Data for this exercise:

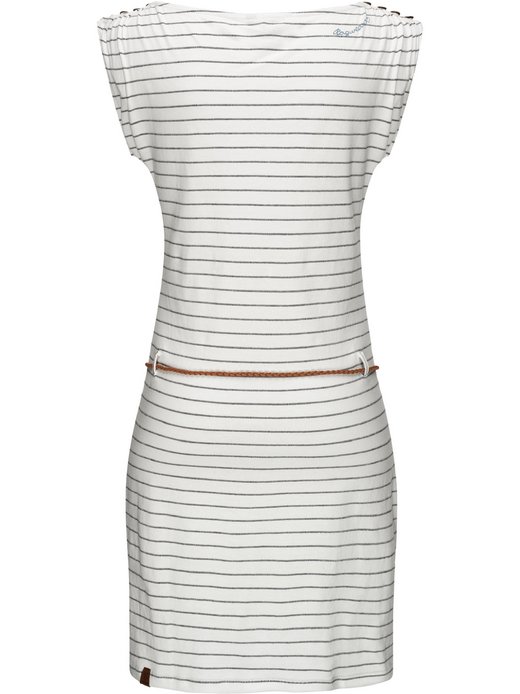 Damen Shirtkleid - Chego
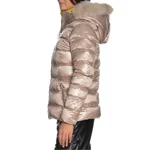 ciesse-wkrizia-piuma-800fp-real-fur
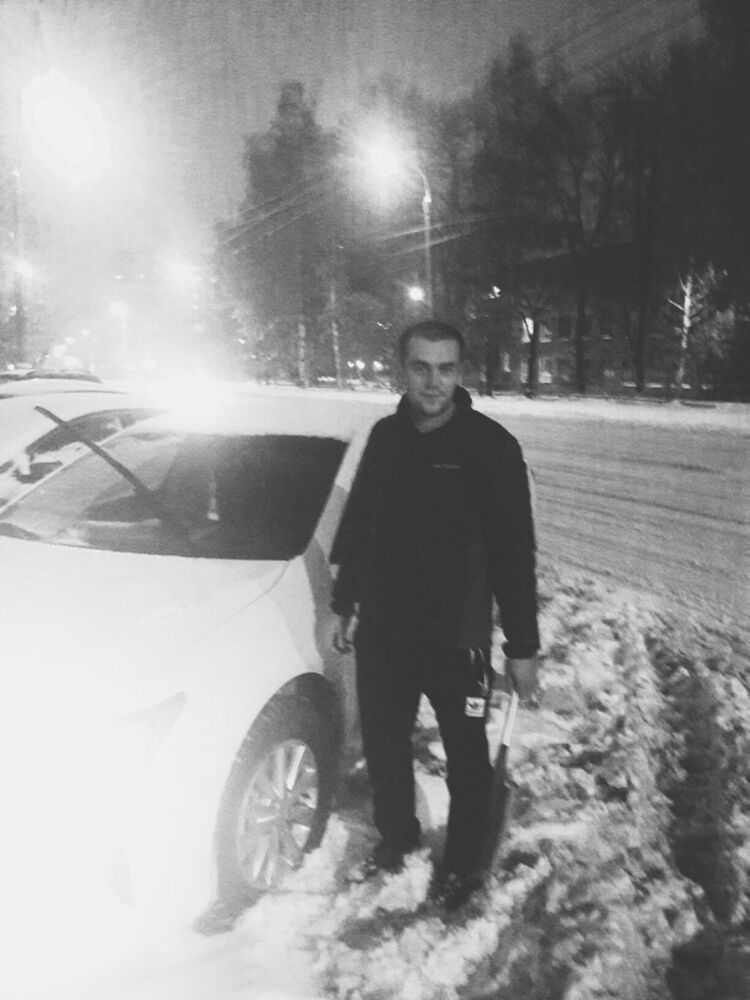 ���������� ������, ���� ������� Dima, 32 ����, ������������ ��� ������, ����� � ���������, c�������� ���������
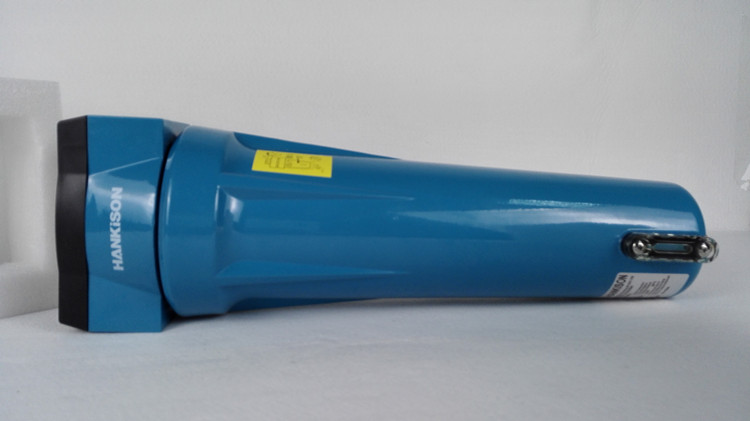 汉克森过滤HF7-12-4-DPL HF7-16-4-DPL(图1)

---

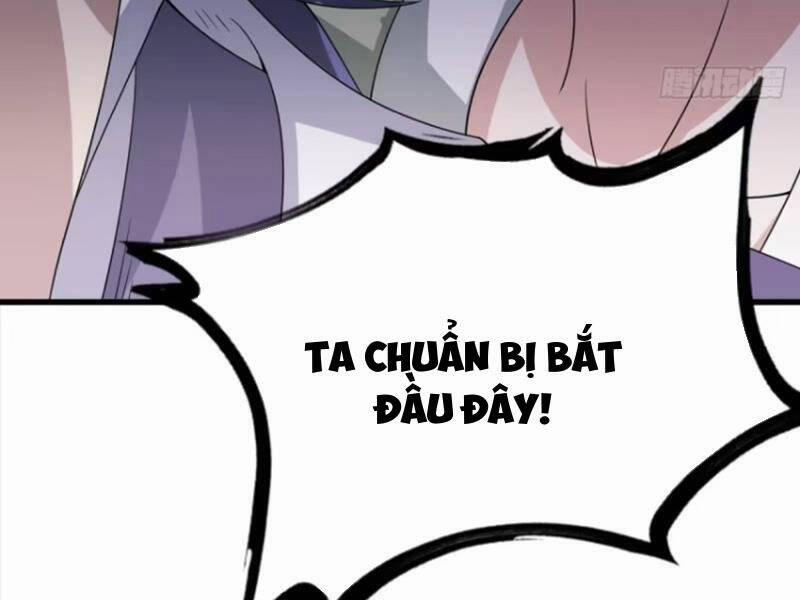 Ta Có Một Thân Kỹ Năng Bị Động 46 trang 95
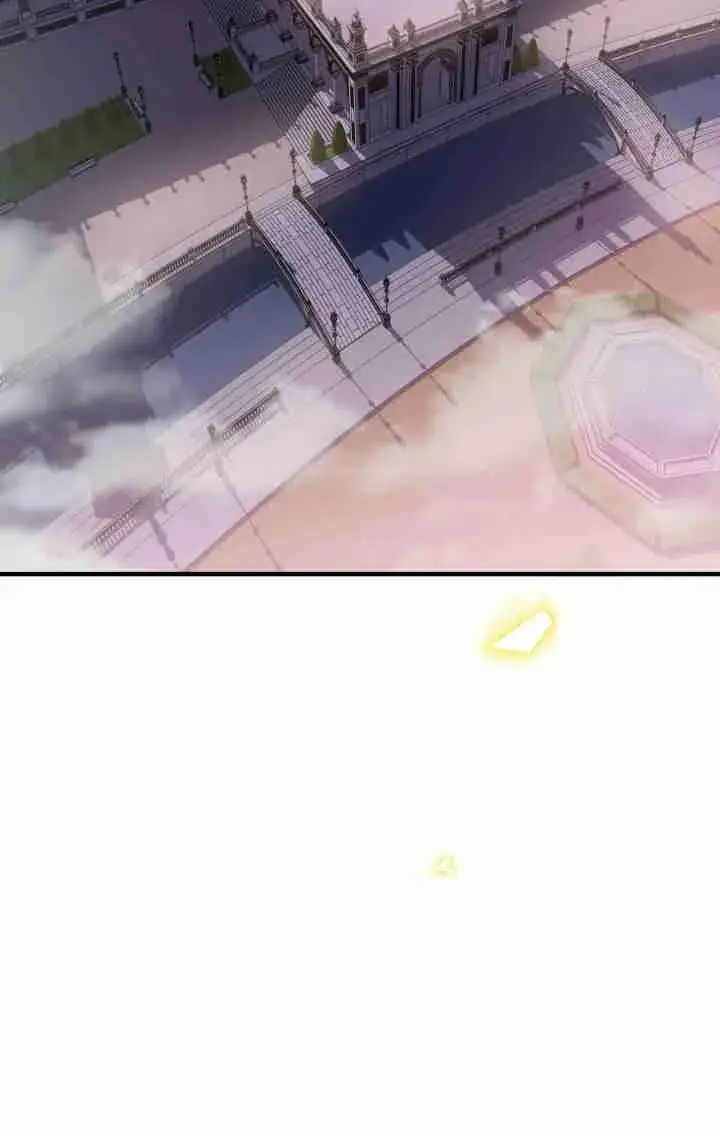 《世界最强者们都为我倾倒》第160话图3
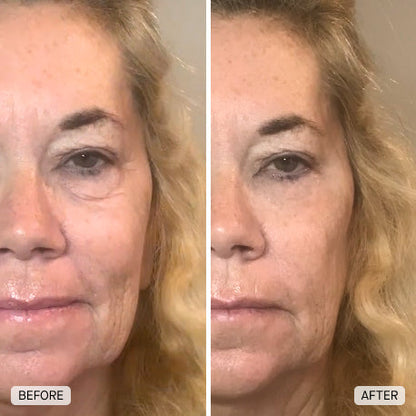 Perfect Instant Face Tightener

---

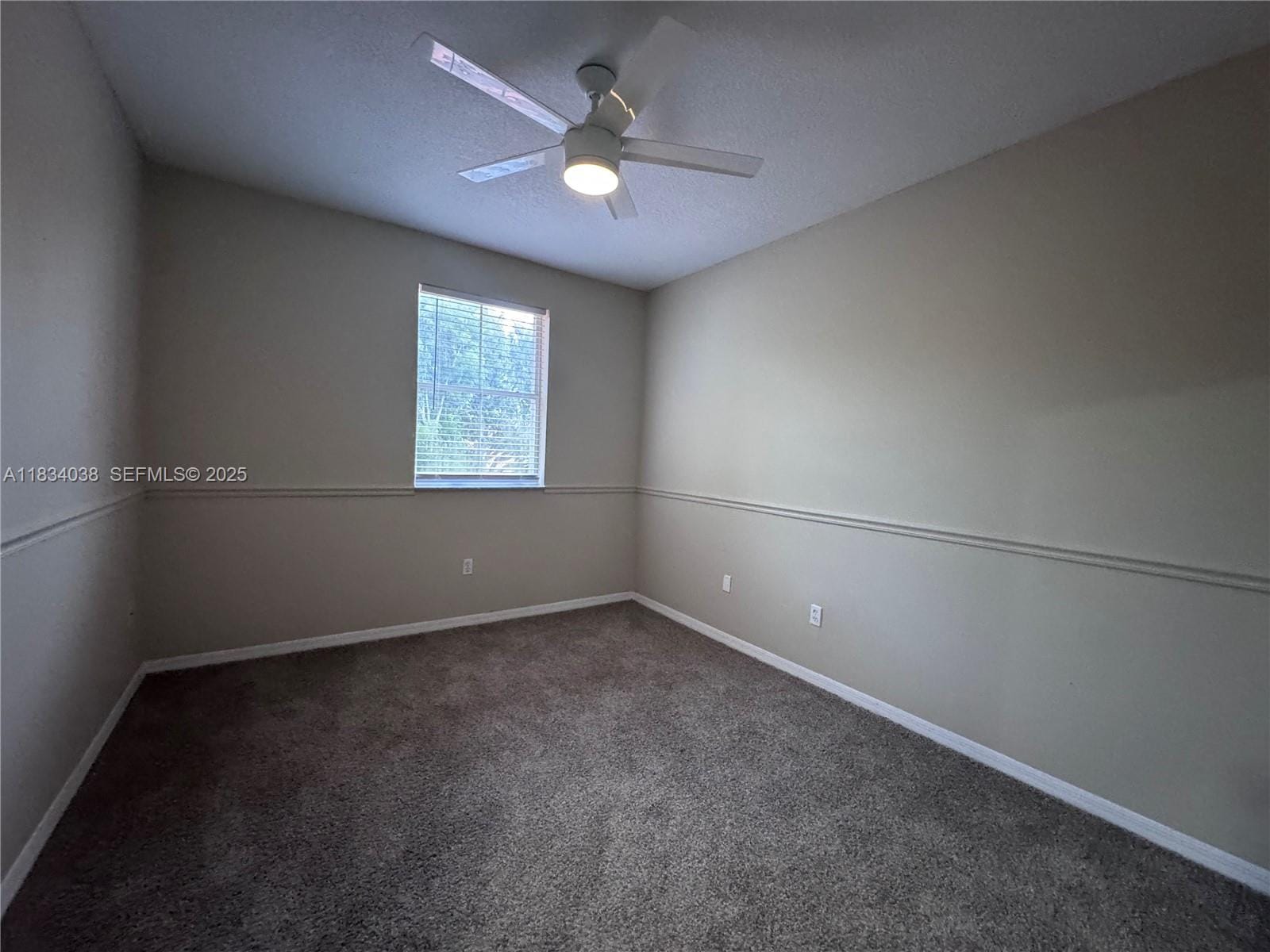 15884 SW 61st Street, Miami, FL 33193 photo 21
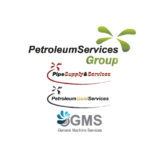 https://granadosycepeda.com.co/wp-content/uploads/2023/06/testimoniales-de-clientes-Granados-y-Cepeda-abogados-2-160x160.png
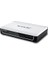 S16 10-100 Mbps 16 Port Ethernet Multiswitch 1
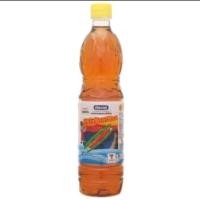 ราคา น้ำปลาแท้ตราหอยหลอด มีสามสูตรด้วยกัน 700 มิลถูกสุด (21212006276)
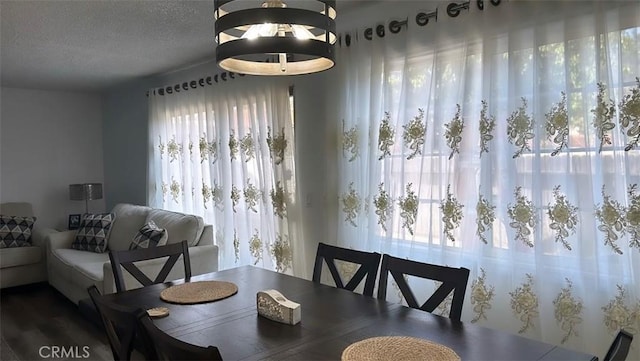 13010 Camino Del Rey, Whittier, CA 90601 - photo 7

What is required: Excerpt from the records above: set down only the lines from the one that contains "Damen Shirtkleid - Chego" through the one that contains "汉克森过滤HF7-12-4-DPL HF7-16-4-DPL(图1)", inclusive, word for word. Pictures stay out.

Response to the exercise:
 Damen Shirtkleid - Chego
 ciesse-wkrizia-piuma-800fp-real-fur
 ���������� ������, ���� ������� Dima, 32 ����, ������������ ��� ������, ����� � ���������, c�������� ���������
 汉克森过滤HF7-12-4-DPL HF7-16-4-DPL(图1)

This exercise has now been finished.